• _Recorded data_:
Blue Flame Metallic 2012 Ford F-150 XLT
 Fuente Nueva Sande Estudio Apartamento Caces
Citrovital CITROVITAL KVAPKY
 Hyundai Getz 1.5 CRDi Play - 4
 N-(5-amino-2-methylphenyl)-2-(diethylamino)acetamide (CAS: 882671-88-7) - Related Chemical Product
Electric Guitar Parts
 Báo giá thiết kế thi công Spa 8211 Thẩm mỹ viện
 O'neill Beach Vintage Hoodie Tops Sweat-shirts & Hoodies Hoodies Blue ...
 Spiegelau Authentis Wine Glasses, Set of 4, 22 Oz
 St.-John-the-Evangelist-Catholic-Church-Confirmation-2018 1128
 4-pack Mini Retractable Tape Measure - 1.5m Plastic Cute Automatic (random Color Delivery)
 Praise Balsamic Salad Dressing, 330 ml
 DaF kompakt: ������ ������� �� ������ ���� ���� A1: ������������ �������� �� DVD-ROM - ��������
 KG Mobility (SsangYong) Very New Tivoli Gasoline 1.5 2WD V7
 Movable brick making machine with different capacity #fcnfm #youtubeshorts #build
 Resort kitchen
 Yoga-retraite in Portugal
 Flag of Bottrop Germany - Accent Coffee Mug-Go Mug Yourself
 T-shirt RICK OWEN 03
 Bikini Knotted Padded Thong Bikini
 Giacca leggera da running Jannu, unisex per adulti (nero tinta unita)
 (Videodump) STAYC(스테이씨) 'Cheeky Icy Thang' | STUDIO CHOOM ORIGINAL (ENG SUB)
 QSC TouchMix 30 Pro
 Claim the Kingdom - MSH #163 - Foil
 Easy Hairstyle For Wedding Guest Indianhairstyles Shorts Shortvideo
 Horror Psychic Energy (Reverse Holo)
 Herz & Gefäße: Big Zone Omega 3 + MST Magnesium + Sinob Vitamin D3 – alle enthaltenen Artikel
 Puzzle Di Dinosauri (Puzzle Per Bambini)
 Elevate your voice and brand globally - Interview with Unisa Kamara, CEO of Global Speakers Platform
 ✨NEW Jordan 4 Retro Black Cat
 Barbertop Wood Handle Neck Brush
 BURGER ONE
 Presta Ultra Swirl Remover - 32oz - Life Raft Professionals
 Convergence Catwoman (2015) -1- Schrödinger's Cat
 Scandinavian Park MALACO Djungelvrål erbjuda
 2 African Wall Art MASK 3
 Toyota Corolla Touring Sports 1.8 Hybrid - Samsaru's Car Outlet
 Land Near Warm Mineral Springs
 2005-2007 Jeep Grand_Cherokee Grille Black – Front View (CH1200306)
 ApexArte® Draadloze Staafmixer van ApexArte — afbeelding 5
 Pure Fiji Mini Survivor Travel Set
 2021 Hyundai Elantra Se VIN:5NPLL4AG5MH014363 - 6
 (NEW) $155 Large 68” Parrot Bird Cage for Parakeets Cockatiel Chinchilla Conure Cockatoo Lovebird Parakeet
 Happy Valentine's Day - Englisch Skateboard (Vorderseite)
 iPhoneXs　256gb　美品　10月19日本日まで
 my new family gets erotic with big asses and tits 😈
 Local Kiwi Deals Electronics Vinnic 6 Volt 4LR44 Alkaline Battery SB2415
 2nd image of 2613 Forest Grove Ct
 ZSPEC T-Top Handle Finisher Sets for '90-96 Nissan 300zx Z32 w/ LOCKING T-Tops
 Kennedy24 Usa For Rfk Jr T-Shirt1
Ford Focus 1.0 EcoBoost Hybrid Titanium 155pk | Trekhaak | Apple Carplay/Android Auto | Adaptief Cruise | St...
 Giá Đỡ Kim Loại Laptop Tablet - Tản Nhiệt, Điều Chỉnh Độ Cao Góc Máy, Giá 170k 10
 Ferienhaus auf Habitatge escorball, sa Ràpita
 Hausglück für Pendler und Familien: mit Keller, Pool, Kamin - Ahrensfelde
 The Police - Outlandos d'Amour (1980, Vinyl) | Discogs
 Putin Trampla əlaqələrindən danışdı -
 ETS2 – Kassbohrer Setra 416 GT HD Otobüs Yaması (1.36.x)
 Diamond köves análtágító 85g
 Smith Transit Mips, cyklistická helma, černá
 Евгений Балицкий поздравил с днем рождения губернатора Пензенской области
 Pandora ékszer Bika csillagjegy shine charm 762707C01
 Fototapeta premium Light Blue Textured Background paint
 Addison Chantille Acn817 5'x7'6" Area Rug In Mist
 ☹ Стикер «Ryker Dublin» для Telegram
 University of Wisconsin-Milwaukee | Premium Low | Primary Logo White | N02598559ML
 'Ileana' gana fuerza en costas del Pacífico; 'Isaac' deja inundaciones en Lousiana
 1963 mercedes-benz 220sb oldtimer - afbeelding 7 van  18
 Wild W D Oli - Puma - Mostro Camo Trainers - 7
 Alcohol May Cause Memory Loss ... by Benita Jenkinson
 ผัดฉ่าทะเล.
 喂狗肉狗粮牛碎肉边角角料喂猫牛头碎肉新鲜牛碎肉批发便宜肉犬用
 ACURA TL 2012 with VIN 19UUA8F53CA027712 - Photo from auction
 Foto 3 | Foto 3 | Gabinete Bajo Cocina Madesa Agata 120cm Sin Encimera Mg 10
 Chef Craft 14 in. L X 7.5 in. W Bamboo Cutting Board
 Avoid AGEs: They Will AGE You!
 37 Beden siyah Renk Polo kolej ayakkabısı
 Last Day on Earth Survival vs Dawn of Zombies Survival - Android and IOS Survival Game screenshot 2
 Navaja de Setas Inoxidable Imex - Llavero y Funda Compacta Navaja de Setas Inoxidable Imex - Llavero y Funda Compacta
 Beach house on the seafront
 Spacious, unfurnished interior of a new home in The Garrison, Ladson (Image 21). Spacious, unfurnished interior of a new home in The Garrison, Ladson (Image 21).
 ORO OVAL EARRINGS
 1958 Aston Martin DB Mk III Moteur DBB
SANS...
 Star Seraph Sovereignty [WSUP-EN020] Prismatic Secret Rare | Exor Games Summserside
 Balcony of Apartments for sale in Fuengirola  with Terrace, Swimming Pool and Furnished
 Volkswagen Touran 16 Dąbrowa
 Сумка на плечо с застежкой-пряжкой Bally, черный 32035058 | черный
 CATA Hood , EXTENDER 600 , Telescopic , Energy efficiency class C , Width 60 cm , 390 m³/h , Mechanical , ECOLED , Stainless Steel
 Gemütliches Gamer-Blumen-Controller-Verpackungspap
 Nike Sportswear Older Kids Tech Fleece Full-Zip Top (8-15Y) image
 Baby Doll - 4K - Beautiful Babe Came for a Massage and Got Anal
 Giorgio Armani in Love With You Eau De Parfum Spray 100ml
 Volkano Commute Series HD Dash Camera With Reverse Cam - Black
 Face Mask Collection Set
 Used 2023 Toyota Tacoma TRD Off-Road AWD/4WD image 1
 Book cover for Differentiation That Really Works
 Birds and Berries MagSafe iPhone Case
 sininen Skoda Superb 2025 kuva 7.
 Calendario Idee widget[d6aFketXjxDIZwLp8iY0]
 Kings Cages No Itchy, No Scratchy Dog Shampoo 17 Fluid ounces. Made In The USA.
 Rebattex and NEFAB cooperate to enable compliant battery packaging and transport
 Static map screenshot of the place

• _What you will do_: From the entries, copy every line in which the word "Handle" occurs.

• _Final answer_:
 Barbertop Wood Handle Neck Brush
 ZSPEC T-Top Handle Finisher Sets for '90-96 Nissan 300zx Z32 w/ LOCKING T-Tops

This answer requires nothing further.